The problem is Pulsar optimized consumer.ack. When you call consumer.ack, the ack request will not send to the broker immediately, but cached in the client. When the cached ack requests reached the threshold, send them to the broker in batch.

If you unload the topic when the ack requests didn't send to the broker, you will receive duplicated messages.

dao-jun avatar May 22 '24 09:05 dao-jun

enable AckWithResponse, the consumer will wait until broker received the ack

dao-jun avatar May 22 '24 09:05 dao-jun

@dao-jun I think it's only a part reason for small batch duplicated messages. But in my scene the duplicated messages is huge. It's not possible causing the 20M and more message duplicated consume. And in topics stats the non ack messages shows smaller than 1k

SennoYuki avatar May 22 '24 10:05 SennoYuki

Few unacked message also have a chance to cause many duplicated messages, you can take a try @SennoYuki

dao-jun avatar May 22 '24 12:05 dao-jun

ok @dao-jun , I will retry tomorrow. Hope a good result.

SennoYuki avatar May 22 '24 14:05 SennoYuki

Mark: The root cause is the conflicts between cursor.readEntries and cursor.asyncReplayEntries.

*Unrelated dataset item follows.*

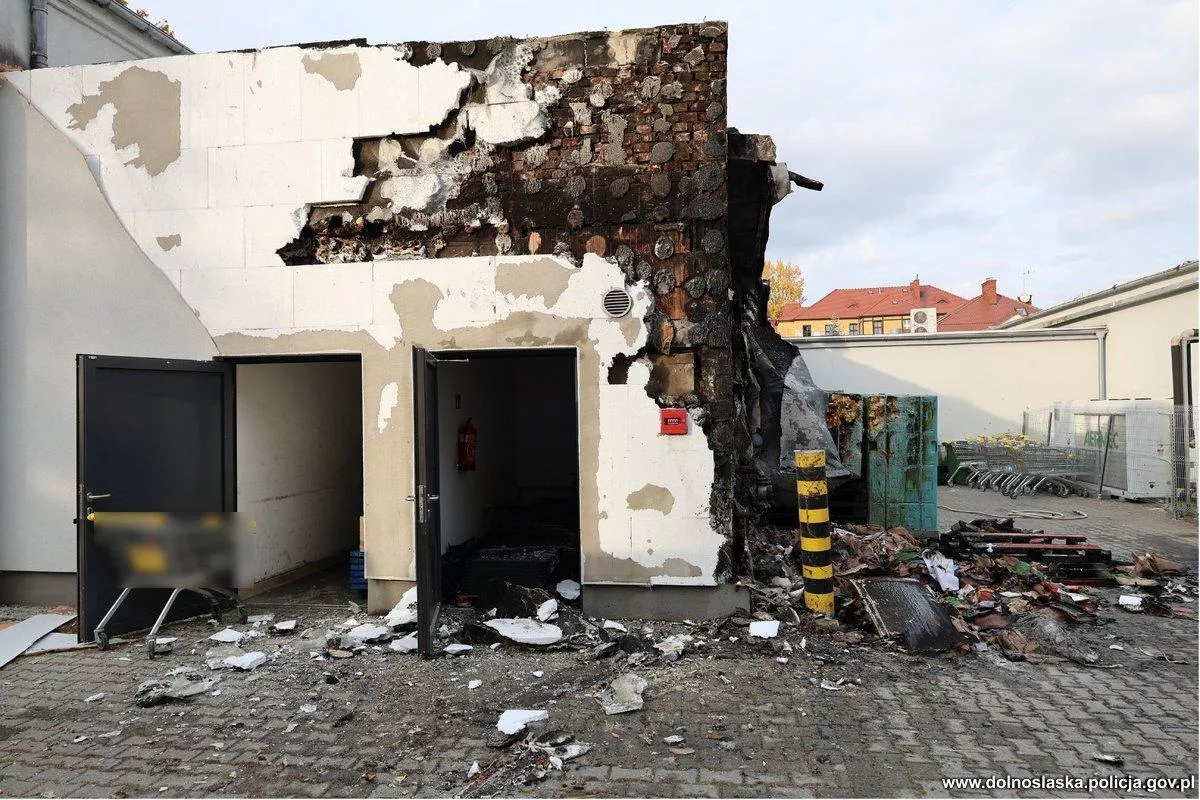 Pożar przy zaworze gazu w sklepie. Policja apeluje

dao-jun avatar May 22 '24 20:05 dao-jun

@dao-jun I retry serveral times . It dose not work

SennoYuki avatar May 25 '24 03:05 SennoYuki

I guess your topic have non-delayed delivery messages and delay delivery messages, if your topic only have delayed delivery messages, it will be work. As I marked before, it's the conflicts between cursor.readEntries and cursor.asyncReplayEntries, one for delayed messages, another fro non-delayed delivery messages. We don't have a suitable solution yet to solve the problem. @SennoYuki

dao-jun avatar May 26 '24 13:05 dao-jun

@dao-jun I confirm it dose not contain non-delayed delivery message. In my program any message has more than 5 minute delay time. Sad, I choose Pulsar because it supports delayed messages. Any plan for this bug?

SennoYuki avatar May 27 '24 03:05 SennoYuki